Entre os participantes, destacam-se Maria Felipa de Oliveira, marisqueira e capoeirista da Ilha de Itaparica, que liderou atos de sabotagem e combate; Maria Quitéria de Jesus, que alistou-se no Batalhão dos Voluntários do Príncipe, disfarçando-se para lutar, e tornou-se um símbolo da participação feminina militar; e a abadessa Sóror Joana Angélica, que foi martirizada em 1822 ao tentar proteger seu convento de invasores. As histórias desses indivíduos, frequentemente ausentes dos registros oficiais, são fundamentais para compreender a amplitude e o caráter popular da independência na Bahia.
O Desfile do Dois de Julho em Salvador anualmente celebra esse legado. Com a presença dos Andores do Caboclo e da Cabocla, que simbolizam a população baiana em sua diversidade étnica e cultural, a festividade é um registro do protagonismo popular e mestiço que contribuiu de forma decisiva para a construção do Brasil independente.
Como a Bahia celebra a data
Na Bahia, o 2 de julho é feriado estadual e uma das maiores celebrações cívicas do país. O desfile é uma mistura vibrante de memória histórica e expressão cultural. Religiosidade afro-brasileira, samba, grupos indígenas e movimentos sociais ocupam as ruas de Salvador, transformando a data em um ato político e de resistência.
É também um momento de revisitar a história sob uma nova lente: mais plural, mais popular, mais real. O hino ao 2 de Julho, ao dizer “Com tiranos não combinam, brasileiros corações”, fala não apenas do passado, mas também do presente e do futuro.

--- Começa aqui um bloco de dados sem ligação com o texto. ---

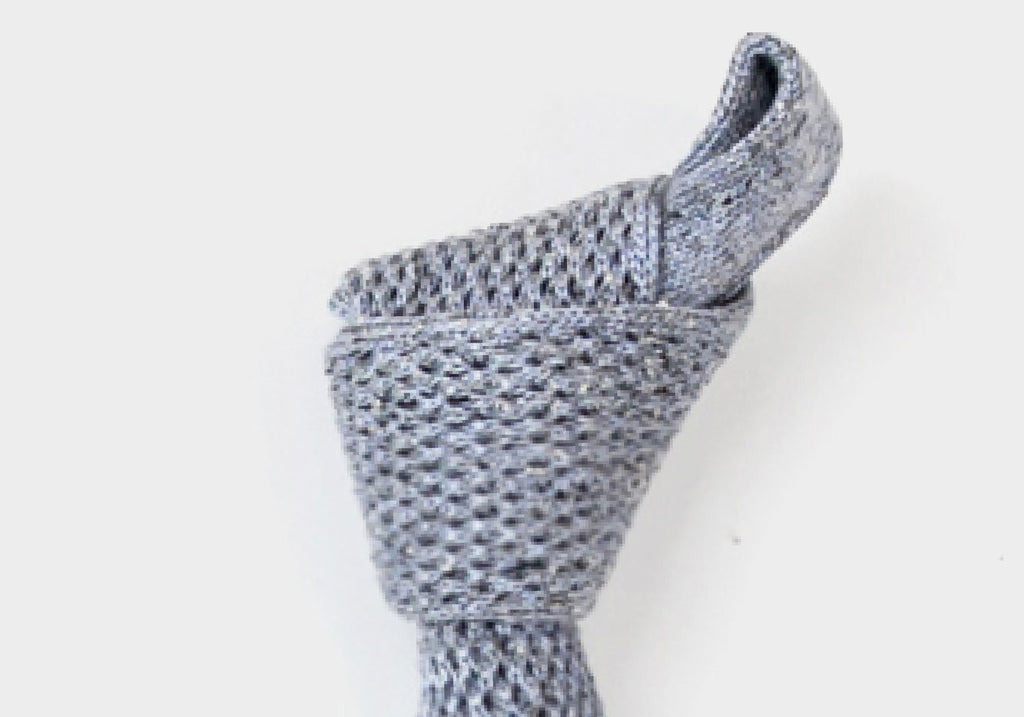 The Light Blue Wilshire Knit Tie Tie- Ledbury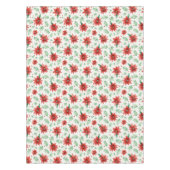 Nappe Christmas Poinsettia Flowers – Kitchen Decor (Devant)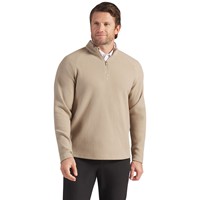 Puma Mens Boulder 2.0 1/4 Zip Golf Pullover, Beige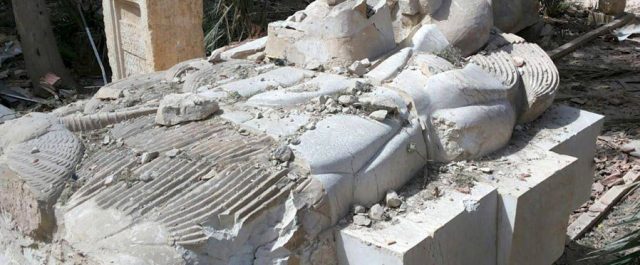 “Βρυχάται” ξανά ο Λέων της Αλ Λατ στην Παλμύρα! [εικόνες]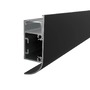Soklové (obvodové, dekorační) - Hliníkový LED profil WALL - ARC, černý, 2m, LP418B - foto 9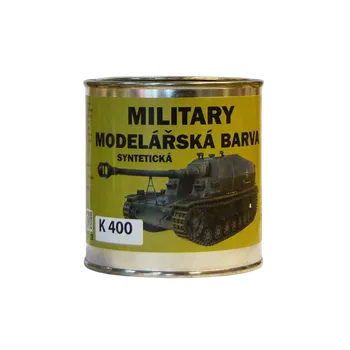 barva na kov U PEPÁNKA s.r.o. KAMUFLÁŽNÍ BARVY MILITARY Modelářská barva syntetická K400 200ml Odstin: RAL 9016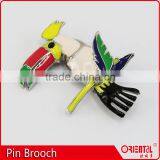 Cute Animal Bird Shape Colorful Enamel Metal Pin on Needle Brooch thumbnail-3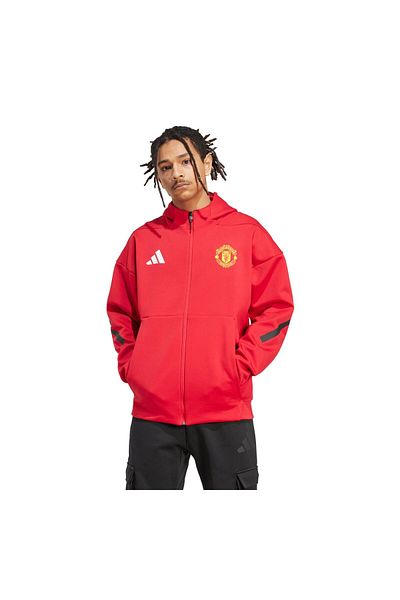 adidas Jn2901-E Manchester United Jkt Men's Jacket Red
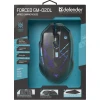Миша Defender Forced GM-020L ігрова 3200 DPI з килимком (4714033520201)
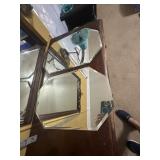 Pair of beveled mirrors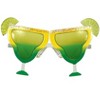 HalloweenCostumes.com    Adult's Margarita Eyeglasses, Yellow/Green - 3 of 3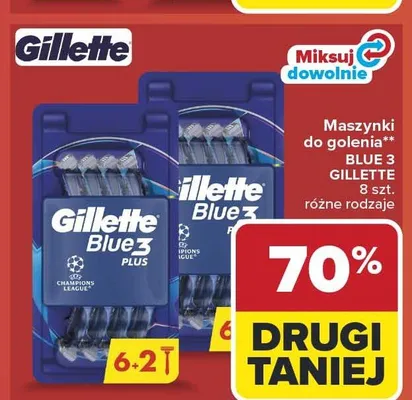 Maszynki do golenia Gillette Blue 3 8-pak promocja w Carrefour Market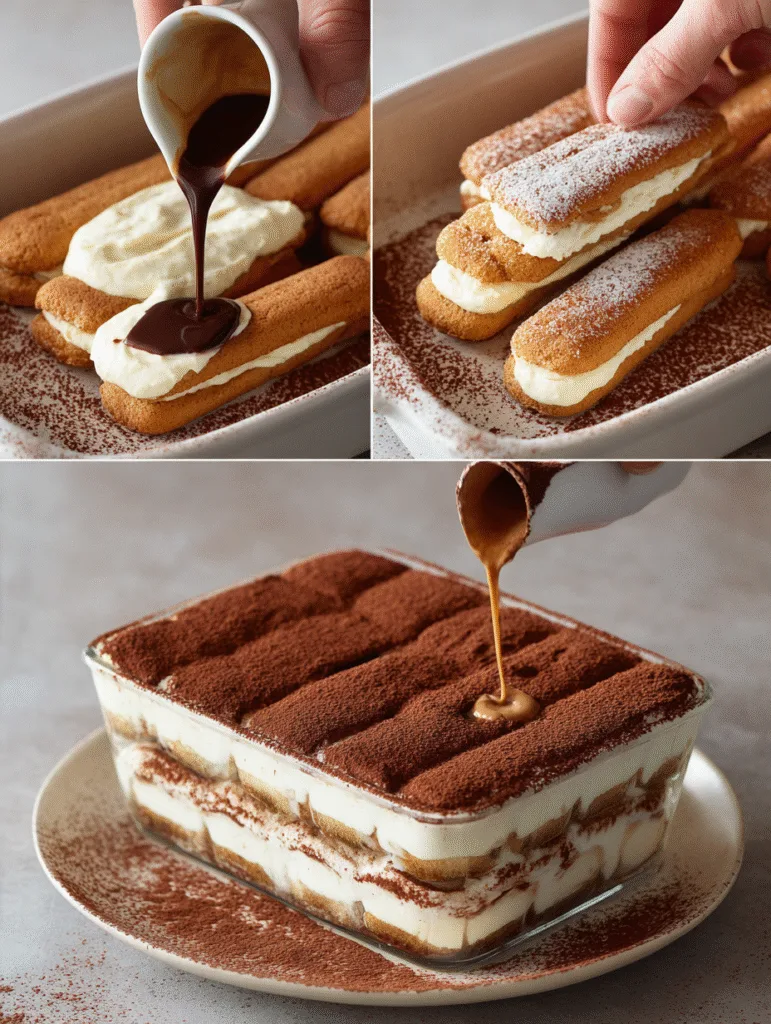 brahim a 4 step collage showing dipping ladyfingers in coffee 3afac493 f312 402d a95b fe74cdf5f06c 0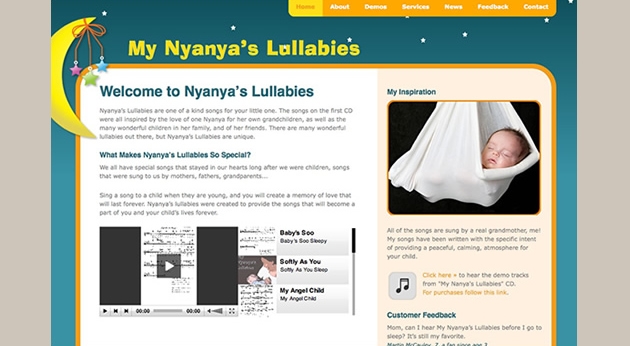 StirStudios Web Portfolio | My Nyanya's Lullabies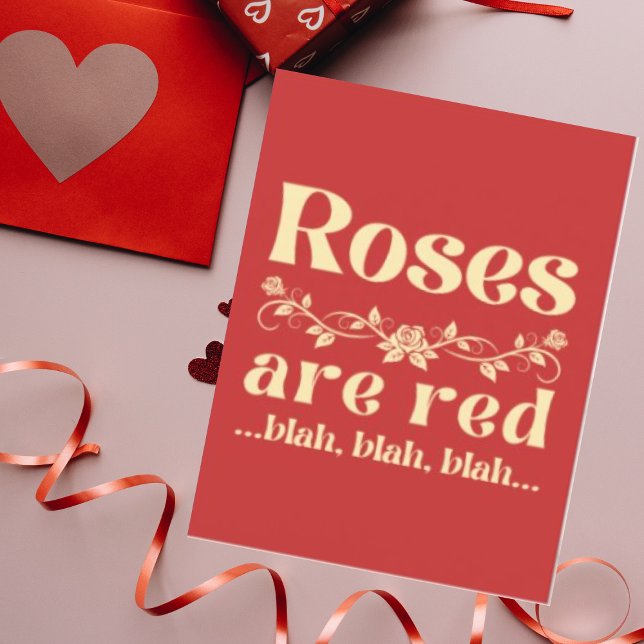 Tarjeta Festiva Los rosas son un extraño Día de San Valentín graci (Buy or Download Now!)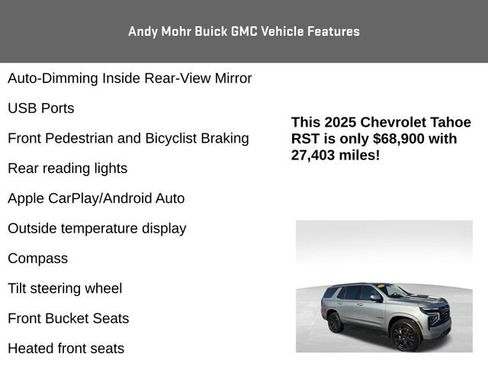 Used 2025 Chevrolet Tahoe RST w/ RST Capability Package AWD/4WD image 20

O que diferencia o 2 de julho do 7 de setembro
Critério | 7 de Setembro de 1822 | 2 de Julho de 1823 |
Natureza | Proclamação política | Consolidação militar e territorial |
Protagonista | Dom Pedro I | Forças populares diversas |
Local | São Paulo | Bahia (Salvador e Recôncavo) |
Resultado | Início formal da independência | Expulsão das tropas portuguesas e integração nacional |
Reconhecimento | Feriado nacional | Feriado estadual (Bahia) |
Por que o 2 de julho deve ser feriado nacional
- Valor histórico real: A data marca a vitória definitiva contra o domínio português.

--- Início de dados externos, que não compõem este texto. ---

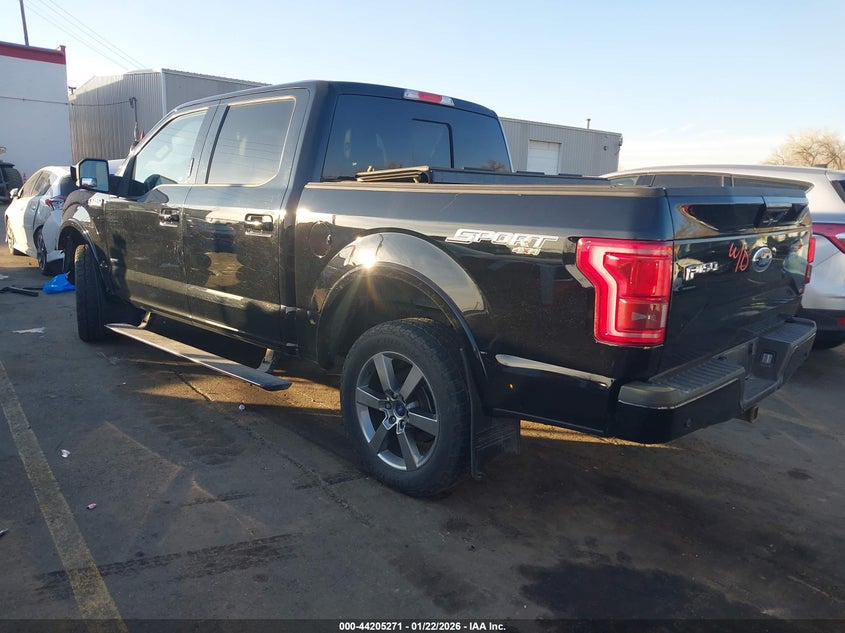Vin: 1ftew1egxgfc51048, lot: 44701272, ford f-150 lariat 20163
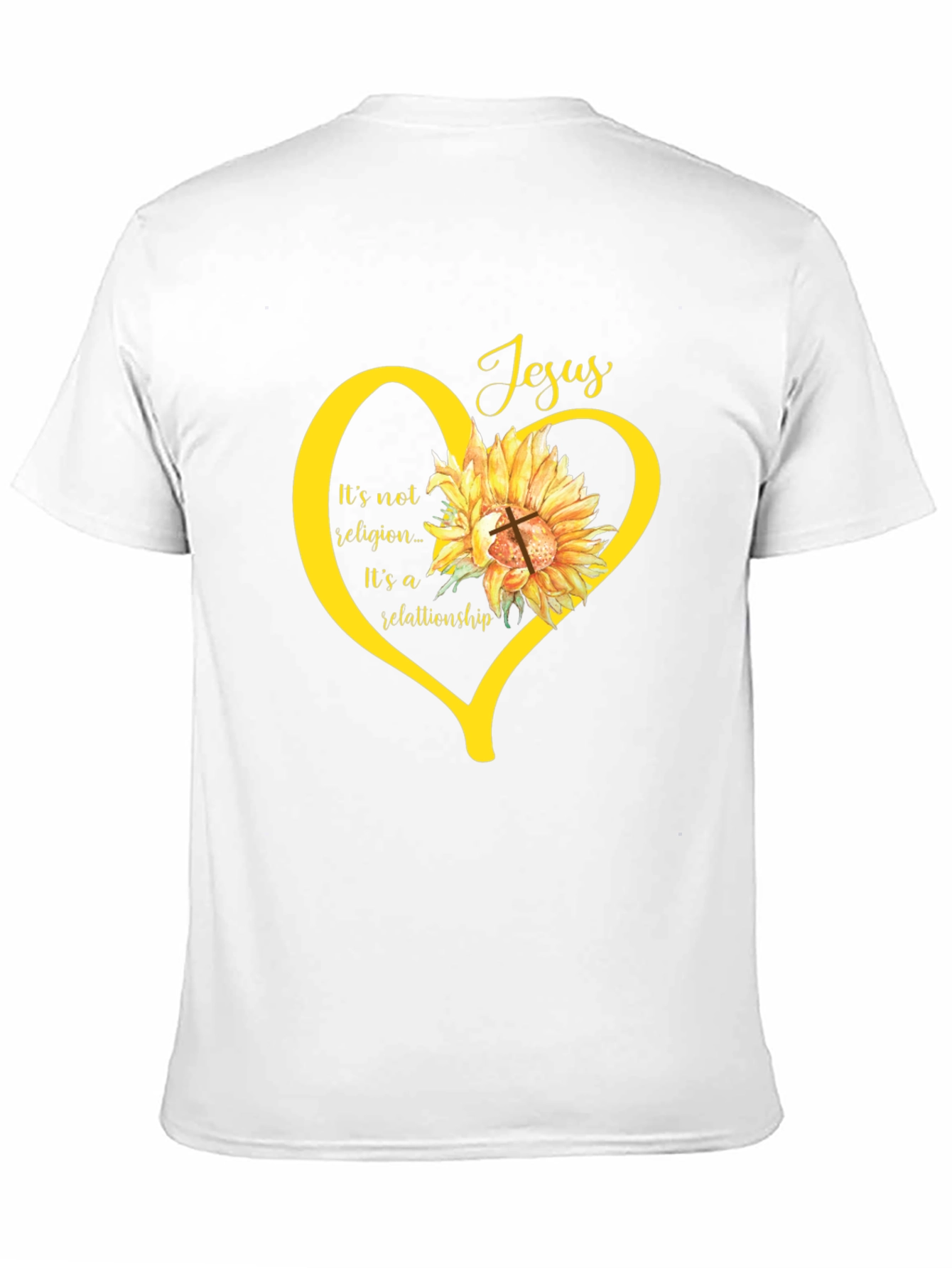 Faith-Based Sunflower Heart Graphic Tee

- Participação popular: Reconhece o papel de mulheres, negros, indígenas e classes populares na independência.
- Justiça regional: Corrige o desequilíbrio que centraliza a narrativa da independência no Sudeste.
- Precedente internacional: Vários países têm mais de uma data para celebrar a independência.

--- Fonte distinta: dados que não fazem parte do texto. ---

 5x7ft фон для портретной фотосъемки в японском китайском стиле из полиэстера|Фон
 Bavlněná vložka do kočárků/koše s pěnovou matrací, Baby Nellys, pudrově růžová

- Potencial educativo e simbólico: Estimula o conhecimento da história nacional para além do clichê do “grito”.
O que diz o projeto de lei sobre o tema

O presidente Lula encaminhou um projeto de lei ao Congresso para tornar o 2 de julho um feriado nacional, reconhecendo oficialmente a data como a da “consolidação da independência do Brasil”. O texto conta com apoio de nomes importantes da política baiana, como Rui Costa e Jacques Wagner.
Mas o caminho não é simples. Há resistências por parte de quem acredita que já temos feriados demais, ou que teme prejuízos econômicos. Outros argumentam que o 2 de julho é “desconhecido” fora da Bahia.
A verdade é que essa ignorância é parte do problema. Tornar o 2 de julho feriado nacional é uma forma de abrir espaço para sua difusão, valorização e ensino.
Assim como aconteceu com o 20 de Novembro (Consciência Negra), que se tornou feriado nacional em 2024, o 2 de julho pode ser um novo marco de reconhecimento das lutas que realmente construíram o Brasil. Não apenas a elite, mas o povo.